WHAT THE TASK ASKS: From the data below, retype exactly the lines starting with the one that contains "So, the source" and ending with the one that contains "So we could", both included.

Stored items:
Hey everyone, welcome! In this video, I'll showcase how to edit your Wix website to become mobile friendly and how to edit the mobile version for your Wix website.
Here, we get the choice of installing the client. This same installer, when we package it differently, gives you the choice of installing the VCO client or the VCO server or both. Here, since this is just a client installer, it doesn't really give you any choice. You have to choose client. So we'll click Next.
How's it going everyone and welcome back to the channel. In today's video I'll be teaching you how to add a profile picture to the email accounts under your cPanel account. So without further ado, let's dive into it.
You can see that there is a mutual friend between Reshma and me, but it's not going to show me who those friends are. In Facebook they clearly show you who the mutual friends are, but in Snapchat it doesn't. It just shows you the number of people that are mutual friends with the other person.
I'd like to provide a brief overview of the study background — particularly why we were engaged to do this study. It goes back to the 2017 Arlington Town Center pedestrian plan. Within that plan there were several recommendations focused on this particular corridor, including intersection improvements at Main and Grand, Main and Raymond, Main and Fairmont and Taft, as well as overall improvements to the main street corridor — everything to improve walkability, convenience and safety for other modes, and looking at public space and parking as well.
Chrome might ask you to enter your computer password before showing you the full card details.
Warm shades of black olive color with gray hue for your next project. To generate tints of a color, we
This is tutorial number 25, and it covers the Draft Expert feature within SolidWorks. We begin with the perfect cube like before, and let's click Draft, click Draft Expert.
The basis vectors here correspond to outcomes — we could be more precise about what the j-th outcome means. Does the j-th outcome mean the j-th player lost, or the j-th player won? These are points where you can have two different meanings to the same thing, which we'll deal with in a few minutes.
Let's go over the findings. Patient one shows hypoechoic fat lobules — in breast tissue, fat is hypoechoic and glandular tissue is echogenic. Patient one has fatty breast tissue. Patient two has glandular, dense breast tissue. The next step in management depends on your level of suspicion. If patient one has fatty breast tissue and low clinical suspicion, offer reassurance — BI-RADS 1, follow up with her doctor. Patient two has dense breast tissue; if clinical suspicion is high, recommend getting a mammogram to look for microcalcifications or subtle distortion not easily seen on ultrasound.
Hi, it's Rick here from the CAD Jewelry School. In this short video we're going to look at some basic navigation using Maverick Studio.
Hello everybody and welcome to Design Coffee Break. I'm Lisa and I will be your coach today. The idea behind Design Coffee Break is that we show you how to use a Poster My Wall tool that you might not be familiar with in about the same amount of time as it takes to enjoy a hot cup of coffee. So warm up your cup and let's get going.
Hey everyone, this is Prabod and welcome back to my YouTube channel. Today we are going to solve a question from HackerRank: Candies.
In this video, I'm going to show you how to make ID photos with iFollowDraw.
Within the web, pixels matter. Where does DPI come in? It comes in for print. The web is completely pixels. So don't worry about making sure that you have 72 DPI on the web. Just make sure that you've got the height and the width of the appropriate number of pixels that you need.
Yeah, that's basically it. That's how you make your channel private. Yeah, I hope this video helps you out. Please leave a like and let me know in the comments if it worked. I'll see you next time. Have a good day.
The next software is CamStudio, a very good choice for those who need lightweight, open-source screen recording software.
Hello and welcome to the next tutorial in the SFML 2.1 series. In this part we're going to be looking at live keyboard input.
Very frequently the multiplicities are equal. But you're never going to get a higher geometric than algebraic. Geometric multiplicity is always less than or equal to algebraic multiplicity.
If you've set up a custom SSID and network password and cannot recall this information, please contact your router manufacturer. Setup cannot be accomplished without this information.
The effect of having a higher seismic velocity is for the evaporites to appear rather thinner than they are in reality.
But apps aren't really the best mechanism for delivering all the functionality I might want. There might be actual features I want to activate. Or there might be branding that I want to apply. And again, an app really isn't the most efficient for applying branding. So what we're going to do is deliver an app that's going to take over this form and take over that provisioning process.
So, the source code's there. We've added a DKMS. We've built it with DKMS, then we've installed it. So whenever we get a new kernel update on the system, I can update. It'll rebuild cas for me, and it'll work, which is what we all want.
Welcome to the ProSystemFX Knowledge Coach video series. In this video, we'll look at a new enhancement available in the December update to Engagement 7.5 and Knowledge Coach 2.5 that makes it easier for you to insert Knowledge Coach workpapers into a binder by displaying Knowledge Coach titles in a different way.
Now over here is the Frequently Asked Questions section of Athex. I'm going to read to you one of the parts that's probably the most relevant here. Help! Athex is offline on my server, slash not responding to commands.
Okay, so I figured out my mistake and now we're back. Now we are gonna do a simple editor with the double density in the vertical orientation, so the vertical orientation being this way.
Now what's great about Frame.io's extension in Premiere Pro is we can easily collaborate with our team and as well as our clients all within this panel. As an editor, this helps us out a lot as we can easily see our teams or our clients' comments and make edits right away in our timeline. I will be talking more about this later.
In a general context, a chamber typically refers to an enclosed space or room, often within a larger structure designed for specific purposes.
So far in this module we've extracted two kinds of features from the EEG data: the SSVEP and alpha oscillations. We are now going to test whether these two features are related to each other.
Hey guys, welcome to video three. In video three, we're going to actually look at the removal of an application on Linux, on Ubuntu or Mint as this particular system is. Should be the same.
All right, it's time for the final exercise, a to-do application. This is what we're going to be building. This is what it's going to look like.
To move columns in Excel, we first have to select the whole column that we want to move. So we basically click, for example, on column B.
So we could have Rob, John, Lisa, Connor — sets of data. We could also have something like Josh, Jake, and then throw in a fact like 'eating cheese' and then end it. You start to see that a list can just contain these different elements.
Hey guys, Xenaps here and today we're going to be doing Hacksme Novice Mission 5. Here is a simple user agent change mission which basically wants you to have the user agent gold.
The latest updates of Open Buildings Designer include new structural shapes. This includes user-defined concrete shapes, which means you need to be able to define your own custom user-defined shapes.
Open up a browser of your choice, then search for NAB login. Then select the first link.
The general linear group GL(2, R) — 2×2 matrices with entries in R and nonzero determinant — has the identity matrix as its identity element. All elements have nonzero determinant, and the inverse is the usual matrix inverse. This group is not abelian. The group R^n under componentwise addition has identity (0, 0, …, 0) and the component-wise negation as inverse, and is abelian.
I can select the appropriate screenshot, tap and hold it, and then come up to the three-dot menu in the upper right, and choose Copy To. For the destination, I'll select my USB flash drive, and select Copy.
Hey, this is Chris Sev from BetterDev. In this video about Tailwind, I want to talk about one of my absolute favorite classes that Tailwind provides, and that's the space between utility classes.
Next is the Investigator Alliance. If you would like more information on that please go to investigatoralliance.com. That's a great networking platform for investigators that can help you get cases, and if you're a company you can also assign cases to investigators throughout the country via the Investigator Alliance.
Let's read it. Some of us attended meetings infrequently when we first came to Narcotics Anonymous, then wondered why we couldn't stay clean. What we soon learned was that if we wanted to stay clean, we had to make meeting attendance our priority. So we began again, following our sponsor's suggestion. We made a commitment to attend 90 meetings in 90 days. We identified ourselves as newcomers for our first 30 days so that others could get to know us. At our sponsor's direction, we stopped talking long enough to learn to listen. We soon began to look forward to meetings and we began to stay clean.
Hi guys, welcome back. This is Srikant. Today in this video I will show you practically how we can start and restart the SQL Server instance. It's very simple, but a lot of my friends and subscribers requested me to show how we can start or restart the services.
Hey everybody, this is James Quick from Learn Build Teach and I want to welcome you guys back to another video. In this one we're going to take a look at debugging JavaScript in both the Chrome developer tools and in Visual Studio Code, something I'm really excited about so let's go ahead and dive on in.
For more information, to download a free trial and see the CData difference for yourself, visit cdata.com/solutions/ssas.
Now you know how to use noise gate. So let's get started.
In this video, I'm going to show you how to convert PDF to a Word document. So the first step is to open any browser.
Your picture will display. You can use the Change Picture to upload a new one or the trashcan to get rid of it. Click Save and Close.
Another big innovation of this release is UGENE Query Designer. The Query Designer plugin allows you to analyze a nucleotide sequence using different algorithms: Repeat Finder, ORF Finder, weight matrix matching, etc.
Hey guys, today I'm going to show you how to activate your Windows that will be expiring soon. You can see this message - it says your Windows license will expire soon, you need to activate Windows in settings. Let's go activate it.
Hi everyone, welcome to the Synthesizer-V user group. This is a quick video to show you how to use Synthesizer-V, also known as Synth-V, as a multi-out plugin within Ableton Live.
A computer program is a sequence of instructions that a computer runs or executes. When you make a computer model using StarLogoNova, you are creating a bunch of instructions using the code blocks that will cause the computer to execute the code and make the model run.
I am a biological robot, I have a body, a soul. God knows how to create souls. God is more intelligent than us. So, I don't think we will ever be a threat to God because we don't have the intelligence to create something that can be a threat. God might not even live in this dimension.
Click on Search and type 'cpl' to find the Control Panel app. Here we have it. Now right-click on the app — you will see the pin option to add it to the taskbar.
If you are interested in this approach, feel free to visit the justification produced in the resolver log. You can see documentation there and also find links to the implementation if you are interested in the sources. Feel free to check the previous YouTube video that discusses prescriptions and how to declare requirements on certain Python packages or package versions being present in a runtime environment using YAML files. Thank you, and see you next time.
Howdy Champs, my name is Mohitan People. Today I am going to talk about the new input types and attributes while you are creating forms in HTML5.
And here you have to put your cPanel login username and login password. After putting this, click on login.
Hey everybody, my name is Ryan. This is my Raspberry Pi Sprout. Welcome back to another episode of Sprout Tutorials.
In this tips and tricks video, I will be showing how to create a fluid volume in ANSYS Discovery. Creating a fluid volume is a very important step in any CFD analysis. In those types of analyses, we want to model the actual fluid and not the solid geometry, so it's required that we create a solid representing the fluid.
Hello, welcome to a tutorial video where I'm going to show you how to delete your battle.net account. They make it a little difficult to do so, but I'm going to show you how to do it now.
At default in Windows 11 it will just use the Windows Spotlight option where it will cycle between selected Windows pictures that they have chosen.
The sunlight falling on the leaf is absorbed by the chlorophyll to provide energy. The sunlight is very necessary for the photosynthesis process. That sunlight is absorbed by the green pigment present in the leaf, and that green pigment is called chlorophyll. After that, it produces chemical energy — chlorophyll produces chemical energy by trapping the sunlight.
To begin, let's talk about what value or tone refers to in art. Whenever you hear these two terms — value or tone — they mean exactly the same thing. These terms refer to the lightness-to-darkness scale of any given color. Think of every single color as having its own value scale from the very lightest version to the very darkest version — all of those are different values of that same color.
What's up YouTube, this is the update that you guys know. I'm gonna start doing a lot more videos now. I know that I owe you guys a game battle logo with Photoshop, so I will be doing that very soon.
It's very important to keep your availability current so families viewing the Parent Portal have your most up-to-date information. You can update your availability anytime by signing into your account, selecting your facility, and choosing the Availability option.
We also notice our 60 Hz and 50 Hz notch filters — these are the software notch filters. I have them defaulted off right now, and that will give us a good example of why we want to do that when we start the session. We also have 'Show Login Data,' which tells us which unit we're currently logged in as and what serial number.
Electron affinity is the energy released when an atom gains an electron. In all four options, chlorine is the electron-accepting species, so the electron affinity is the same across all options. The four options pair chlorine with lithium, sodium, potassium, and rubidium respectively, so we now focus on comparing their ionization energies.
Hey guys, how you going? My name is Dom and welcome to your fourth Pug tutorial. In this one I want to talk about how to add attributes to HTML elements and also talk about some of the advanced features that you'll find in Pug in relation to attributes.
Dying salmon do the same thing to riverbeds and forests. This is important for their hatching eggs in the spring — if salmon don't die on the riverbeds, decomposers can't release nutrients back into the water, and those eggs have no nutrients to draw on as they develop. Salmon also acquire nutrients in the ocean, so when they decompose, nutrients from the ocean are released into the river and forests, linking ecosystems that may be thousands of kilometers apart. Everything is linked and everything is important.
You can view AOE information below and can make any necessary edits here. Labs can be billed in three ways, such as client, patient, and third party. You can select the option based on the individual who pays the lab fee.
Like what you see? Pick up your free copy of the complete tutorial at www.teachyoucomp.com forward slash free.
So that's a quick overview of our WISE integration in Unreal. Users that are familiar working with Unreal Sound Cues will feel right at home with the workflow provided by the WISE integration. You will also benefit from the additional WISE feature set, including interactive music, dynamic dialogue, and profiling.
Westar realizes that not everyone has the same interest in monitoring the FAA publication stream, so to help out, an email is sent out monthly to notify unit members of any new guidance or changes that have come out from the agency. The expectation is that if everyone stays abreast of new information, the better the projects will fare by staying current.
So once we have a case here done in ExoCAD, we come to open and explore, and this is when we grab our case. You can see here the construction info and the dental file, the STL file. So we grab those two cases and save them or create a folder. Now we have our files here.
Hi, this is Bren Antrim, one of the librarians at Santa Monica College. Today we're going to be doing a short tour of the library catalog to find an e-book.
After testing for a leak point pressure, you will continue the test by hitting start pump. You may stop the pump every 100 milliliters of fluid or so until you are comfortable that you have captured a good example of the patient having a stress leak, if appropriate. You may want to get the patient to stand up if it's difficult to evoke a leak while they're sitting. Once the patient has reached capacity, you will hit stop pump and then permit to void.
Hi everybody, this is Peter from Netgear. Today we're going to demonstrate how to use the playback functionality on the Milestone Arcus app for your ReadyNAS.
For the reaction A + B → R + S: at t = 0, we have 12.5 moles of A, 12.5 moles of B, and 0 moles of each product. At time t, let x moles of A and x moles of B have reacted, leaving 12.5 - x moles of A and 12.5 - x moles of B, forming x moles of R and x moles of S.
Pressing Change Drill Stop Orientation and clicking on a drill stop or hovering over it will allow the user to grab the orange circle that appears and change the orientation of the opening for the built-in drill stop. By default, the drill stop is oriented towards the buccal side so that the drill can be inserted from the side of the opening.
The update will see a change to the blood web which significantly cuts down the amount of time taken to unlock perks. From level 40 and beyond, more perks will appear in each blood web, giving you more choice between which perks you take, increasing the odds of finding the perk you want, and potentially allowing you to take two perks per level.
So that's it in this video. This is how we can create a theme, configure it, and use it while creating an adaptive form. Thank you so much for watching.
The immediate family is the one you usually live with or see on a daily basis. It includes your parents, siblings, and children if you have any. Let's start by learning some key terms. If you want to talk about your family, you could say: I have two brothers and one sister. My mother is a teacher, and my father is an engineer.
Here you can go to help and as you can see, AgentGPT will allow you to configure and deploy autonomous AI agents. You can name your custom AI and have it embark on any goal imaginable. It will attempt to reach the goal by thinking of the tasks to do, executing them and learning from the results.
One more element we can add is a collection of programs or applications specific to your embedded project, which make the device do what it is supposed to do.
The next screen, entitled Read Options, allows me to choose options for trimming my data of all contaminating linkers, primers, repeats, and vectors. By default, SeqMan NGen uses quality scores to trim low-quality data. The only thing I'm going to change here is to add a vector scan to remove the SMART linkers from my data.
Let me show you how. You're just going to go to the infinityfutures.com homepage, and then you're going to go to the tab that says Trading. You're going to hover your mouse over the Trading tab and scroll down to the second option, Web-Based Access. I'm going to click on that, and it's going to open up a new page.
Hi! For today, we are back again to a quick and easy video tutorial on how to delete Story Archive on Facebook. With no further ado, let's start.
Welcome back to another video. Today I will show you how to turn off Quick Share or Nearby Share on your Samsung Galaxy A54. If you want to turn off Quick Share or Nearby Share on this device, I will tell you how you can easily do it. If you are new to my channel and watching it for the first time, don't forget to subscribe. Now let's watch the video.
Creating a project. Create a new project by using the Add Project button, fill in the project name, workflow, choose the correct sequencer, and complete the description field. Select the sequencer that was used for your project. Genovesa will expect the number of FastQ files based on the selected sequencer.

WRITTEN RESPONSE:
So, the source code's there. We've added a DKMS. We've built it with DKMS, then we've installed it. So whenever we get a new kernel update on the system, I can update. It'll rebuild cas for me, and it'll work, which is what we all want.
Welcome to the ProSystemFX Knowledge Coach video series. In this video, we'll look at a new enhancement available in the December update to Engagement 7.5 and Knowledge Coach 2.5 that makes it easier for you to insert Knowledge Coach workpapers into a binder by displaying Knowledge Coach titles in a different way.
Now over here is the Frequently Asked Questions section of Athex. I'm going to read to you one of the parts that's probably the most relevant here. Help! Athex is offline on my server, slash not responding to commands.
Okay, so I figured out my mistake and now we're back. Now we are gonna do a simple editor with the double density in the vertical orientation, so the vertical orientation being this way.
Now what's great about Frame.io's extension in Premiere Pro is we can easily collaborate with our team and as well as our clients all within this panel. As an editor, this helps us out a lot as we can easily see our teams or our clients' comments and make edits right away in our timeline. I will be talking more about this later.
In a general context, a chamber typically refers to an enclosed space or room, often within a larger structure designed for specific purposes.
So far in this module we've extracted two kinds of features from the EEG data: the SSVEP and alpha oscillations. We are now going to test whether these two features are related to each other.
Hey guys, welcome to video three. In video three, we're going to actually look at the removal of an application on Linux, on Ubuntu or Mint as this particular system is. Should be the same.
All right, it's time for the final exercise, a to-do application. This is what we're going to be building. This is what it's going to look like.
To move columns in Excel, we first have to select the whole column that we want to move. So we basically click, for example, on column B.
So we could have Rob, John, Lisa, Connor — sets of data. We could also have something like Josh, Jake, and then throw in a fact like 'eating cheese' and then end it. You start to see that a list can just contain these different elements.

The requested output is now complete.